In the US there is a culture that failure is not a problem, so people are willing to fail. The only way to learn how to build a startup is by failing fast and learning from it.

We see in Europe a clear shift that people are becoming willing to fail and learn. Don’t forget that the EU market is still the biggest market in the world.

Why did Startupbootcamp choose Amsterdam as the home for this accelerator?

We think that technology can help solving the current problems of cities. More people in cities means more pollution, more cars, more energy consumption etc. Amsterdam is one of the most connected cities in the world, has a Smart Grid, a Living Lab for Smart Homes, and more bikes than people. It is one of the best cities in the world to live in.

The Dutch people are open to innovation and eager to test. A lot of big companies in the world are using the Netherlands as a market to validate and test their product.

Do you see any trends emerging with the startups innovating in this space? Any common pain points they are addressing?

We see more collaborative sharing platforms, IoT clouds, and P2P marketplaces that are connecting people offline.
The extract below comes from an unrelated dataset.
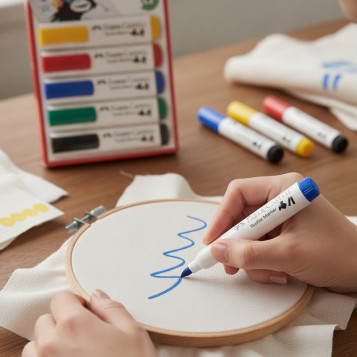 ▷ ROTULADORES FABER CASTELL 5 UDS TEXTILE SURTIDOS BISELADOS | Taine - Imagen 2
We have connected billions of people online but now local connection seem to be growing in importance. For example, P2P home-care, P2P Lending, P2P collaborative usage of consumer goods and tools.

Are there any challenges you would personally like to see a startup tackle in Smart Cities & Living?
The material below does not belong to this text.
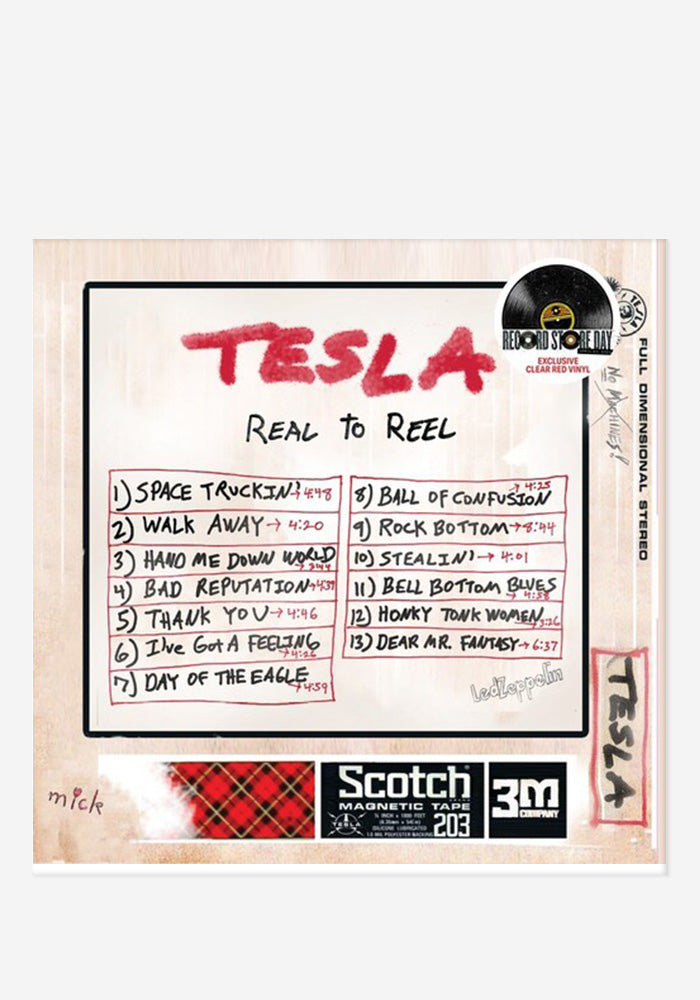 TESLA Real 2 Reel Vol. 1 (RSD Exclusive)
The biggest challenge is to reduce transportation in a city – distribution wise, but also people wise. If we can connect both, we will reduce transport in a city by 50%. We have already accelerated a company which helps to reduce the search for free parking spaces in a city by connecting car owners with free the parking spaces of hotels, companies and private individuals. You can also imagine people giving other people a lift on a scooter, bike sharing, P2P car rentals at airports or in neighbourhoods. We also see platforms where anybody can pick up an item in the city and deliver it to somebody else, because they have to be there anyway. We also believe in local produce and deliver it to local restaurants and consumers.

People are busy, but a lot of people need help on a daily basis. Helping people is the most rewarding thing you can do. Why not combine the two: Let people relieve stress by helping others in the neighbourhood. Technology can help with profiling and matching those people.


Startupbootcamp Marc Wesselink Marc is the Selection & Alumni Manager at Startupbootcamp Smart City & Living. He is a serial Entrepreneur, having started 12 companies in FMCG, Home Electronics, Healthcare, E-Commerce, HR and Finance.